--- Available records Enclosed Below ---

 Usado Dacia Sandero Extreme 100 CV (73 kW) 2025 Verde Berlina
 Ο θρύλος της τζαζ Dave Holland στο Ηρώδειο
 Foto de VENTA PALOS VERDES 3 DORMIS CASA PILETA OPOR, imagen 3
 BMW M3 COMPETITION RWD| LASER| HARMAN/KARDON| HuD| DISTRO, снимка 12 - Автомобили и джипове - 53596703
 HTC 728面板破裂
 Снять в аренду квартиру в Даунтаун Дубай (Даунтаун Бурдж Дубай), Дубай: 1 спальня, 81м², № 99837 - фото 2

--- End of Enclosed Available records ---
--- Available records Enclosed Below ---

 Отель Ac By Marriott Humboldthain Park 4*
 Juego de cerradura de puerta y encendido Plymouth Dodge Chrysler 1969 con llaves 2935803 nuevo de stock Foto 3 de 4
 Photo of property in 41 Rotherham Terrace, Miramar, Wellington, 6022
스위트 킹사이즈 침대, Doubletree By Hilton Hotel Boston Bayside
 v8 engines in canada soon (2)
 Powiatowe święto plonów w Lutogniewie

--- End of Enclosed Available records ---

- **Task instructions**: In which lines of the records does the word "Foto" appear? Copy each of them.

- **Written answer**:
 Foto de VENTA PALOS VERDES 3 DORMIS CASA PILETA OPOR, imagen 3
 Juego de cerradura de puerta y encendido Plymouth Dodge Chrysler 1969 con llaves 2935803 nuevo de stock Foto 3 de 4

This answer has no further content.